King learned to play tennis on the local public courts of her hometown of Long Beach, Calif. By the time she was 17, she had gained international recognition in the sport by winning the women’s doubles title at Wimbledon with partner Karen Hantze Susman. In 1966 King won the first of six Wimbledon singles titles.
She was a leader in the movement to bring professionalism and gender equity to her sport. She won the U.S. Open in 1972, but received substantially less than the men’s winner. Because she threatened to boycott future tournaments, the next year the U.S. Open became the first major tournament to offer equal prize money to men and women.
During her career, King won 39 Grand Slam singles, doubles, and mixed doubles tennis titles, including a record 20 titles at Wimbledon. In a 1973 exhibition match against former top men’s player Bobby Riggs, a worldwide television audience saw her trounce Riggs, who had been loudly asserting in the media that women players were inferior, beating him 6-4, 6-3, 6-3.
She played a central role in the formation of the Women’s Tennis Association, the Women’s Sports Foundation, and Women’s Sports Magazine. In 1974, she cofounded World TeamTennis, the groundbreaking professional league for men and women players.
King has created foundations that help enhance the lives of women of all ages and that promote health, fitness, education, and social change to benefit men and women across a variety of issues.
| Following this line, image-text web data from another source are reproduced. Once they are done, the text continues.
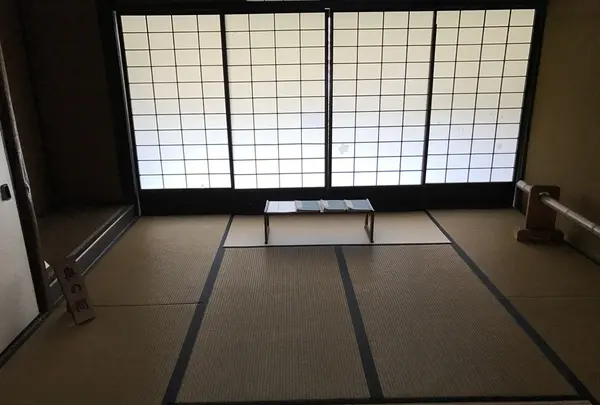本居宣長旧宅（鈴屋）の写真・動画_image_120113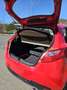 Mazda 2 1.3 Independence (5-trg.) Rot - thumbnail 9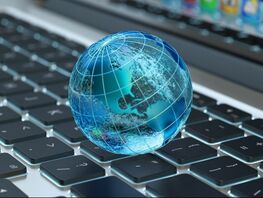 Итоги 5&nbsp;лет: уровень проникновения интернета в&nbsp;Кыргызстане достиг 98&nbsp;процентов
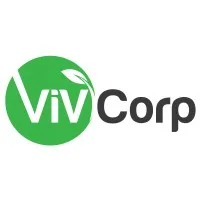 VivCorporation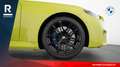 BMW M2 Gelb - thumbnail 29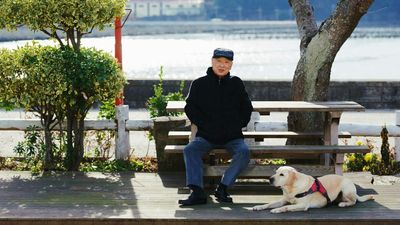 Season 01, Episode 10 Episode #1.10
She continues to be a leader in the fight for equality in many areas, especially on behalf of those in the gay, lesbian, bisexual, and transgender community.
She has been inducted into the International Tennis Hall of Fame and the National Women’s Hall of Fame. In 2006, the National Tennis Center, home of the U.S. Open, was renamed the Billie Jean King National Tennis Center in recognition of her contributions to tennis, sports, and society. She was named one of the 100 most important Americans of the 20th century by Life magazine.